The result was exciting. Thirteen people with serious kidney disease given a new type of drug for three months had, on average, seen the amount of protein pathologically leaking into their urine fall by almost 50 percent. In this elemental test of kidney function, some participants saw an improvement of more than 70 percent.
But other things make this clinical trial, published in March 2023, stand out further.
The first is the rapidity with which a scientific discovery led to a targeted therapy. The drug — called inaxaplin — targets a protein called APOL1, which was first implicated in kidney disease just 14 years ago. And the company behind the drug, Boston-based Vertex Pharmaceuticals, only began working on APOL1 in 2015.
The second is that the results suggest a way to address one of the starkest racial health disparities in the United States: the rate of kidney failure in Black Americans, more than three times higher than that for those of European ancestry.
Every volunteer in Vertex’s study was African American. But the reason they were recruited was because of which versions they had of the gene carrying instructions for making APOL1. Certain APOL1 gene variants — called G1 and G2 — are linked to renal failure. Trial participants carried either two G1s, two G2s, or one of each.

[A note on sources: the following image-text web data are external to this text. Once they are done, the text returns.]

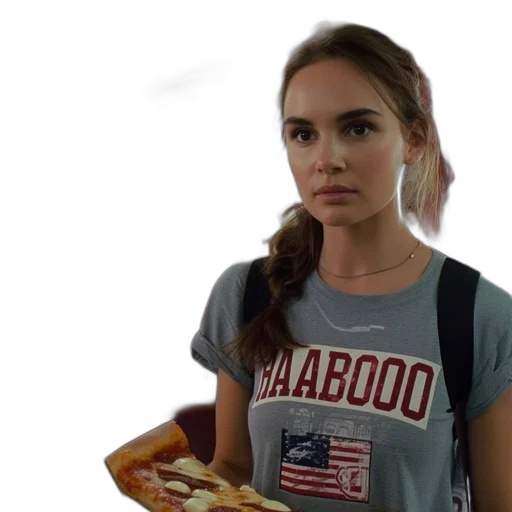 food, young, woman, baaboo transparent PNG cut-out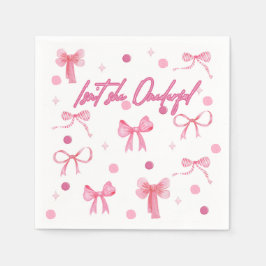 Isn't she Onederful napkin Serviette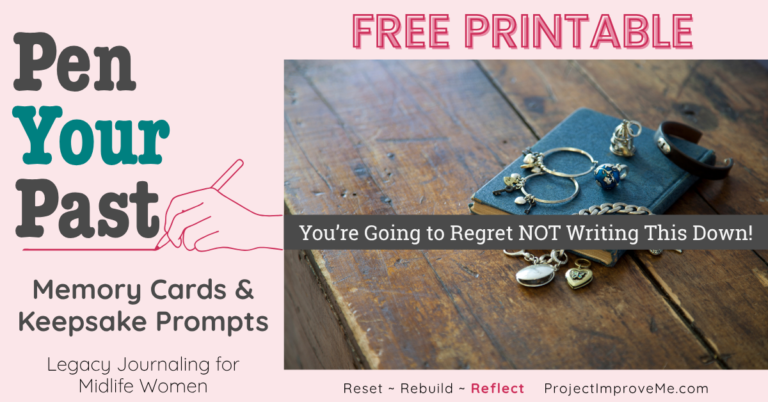 The Story Behind It: A Free Printable for When You're Letting Go of Stuff (But Not the Memories)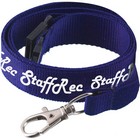 Flat Polyester Lanyard (20 x 900mm) (1 col print to 1 Side)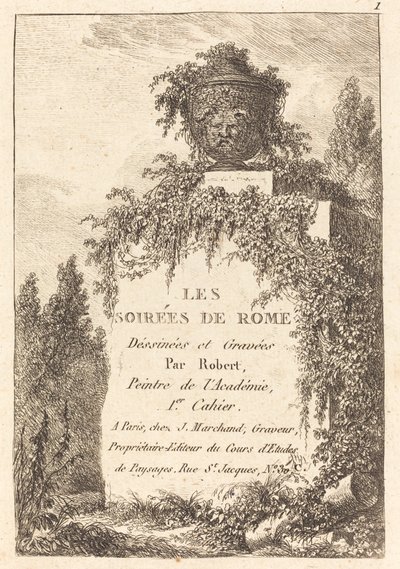 Page de titre - Hubert Robert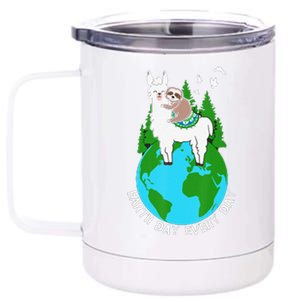 Earth Day Everyday Llama Sloth Cool Earth Day Lover 12 oz Stainless Steel Tumbler Cup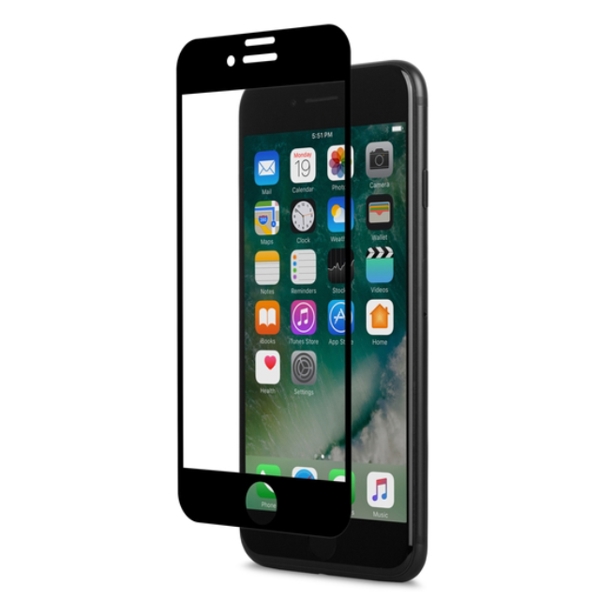 მობილურის დამცავი MOSHI IONGLASS FOR IPHONE 7 - BLACK (DURABLE GLASS SCREEN PROTECTOR)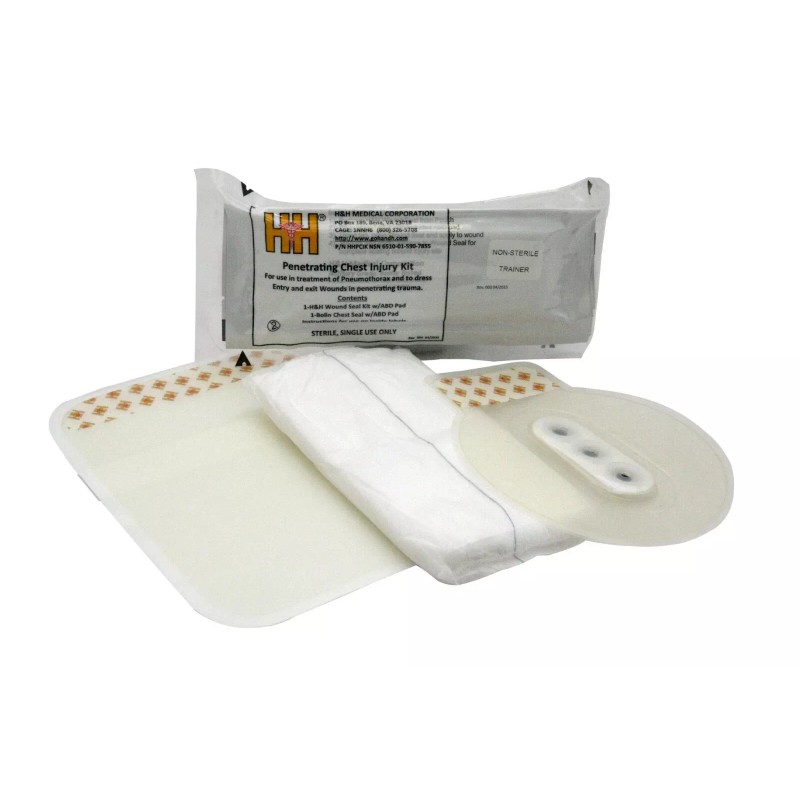 H&H Penetrating Chest Injury Kit Wound Kit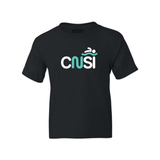 CNSI - Chandail à manches courtes dryblend - Juvénile - SUPPORTEUR - SWIM CREW - Noir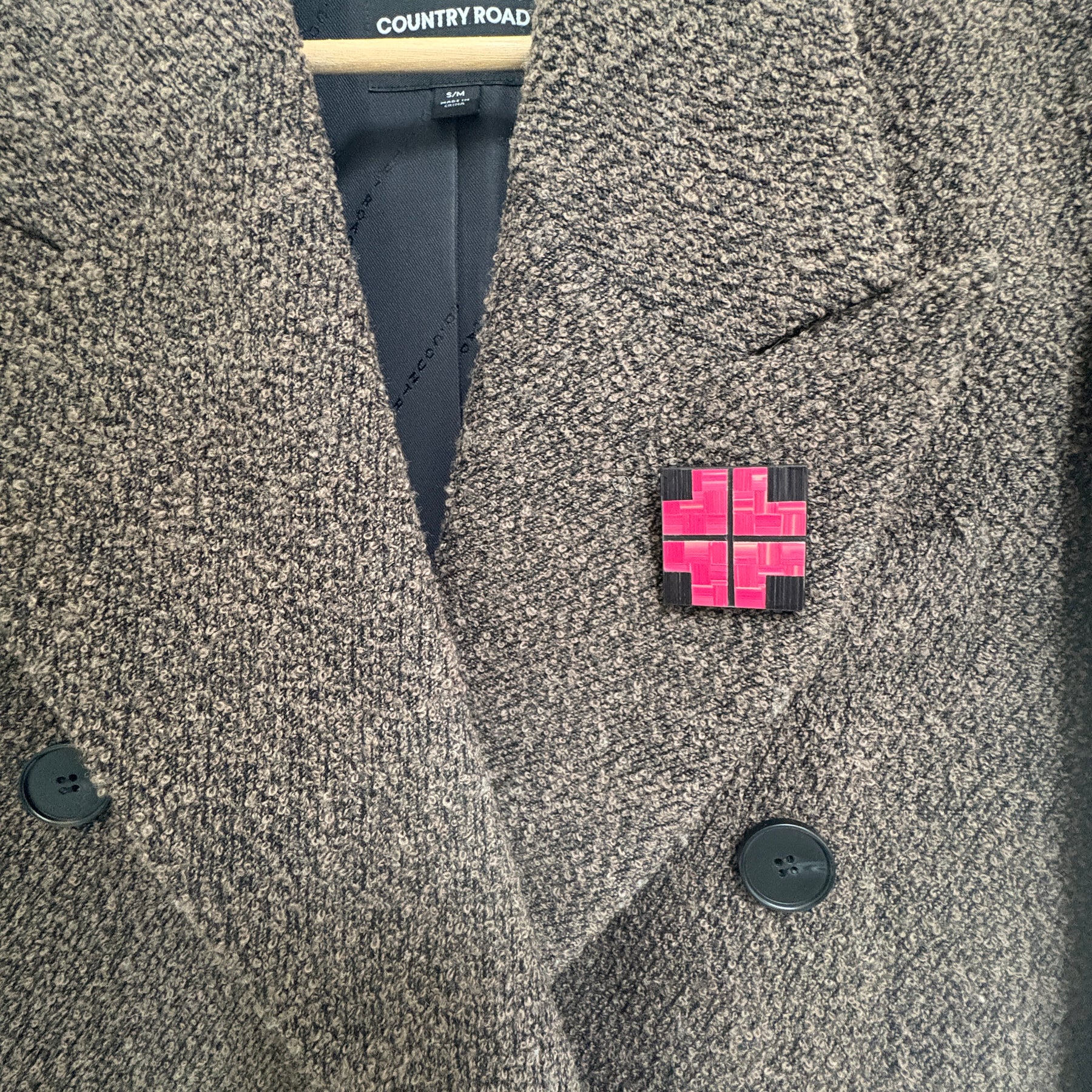 Brooches - Straw Marquetry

These gene variants were discovered in two United States studies in 2010 — exclusively in Black individuals. Carrying just one of the variants has essentially no consequences for kidney health, but possessing two gives an estimated 15 to 20 percent lifetime risk of experiencing kidney disease.
And the variants are jarringly common. The proportion of Black Americans who have two of them is estimated at around 13 percent.
“If you were to look in the literature for genetic variants that are that common and that powerful,” says David Friedman, a nephrologist at Harvard University who codiscovered the variants, “you would have a hard time finding more than maybe two or three in the same general weight class.”
Friedman and his Harvard colleague, kidney disease researcher Martin Pollak, propose that the reason for that high frequency is rooted in history. They found that having just one copy of a G1 or G2 variant protects against a deadly form of African sleeping sickness.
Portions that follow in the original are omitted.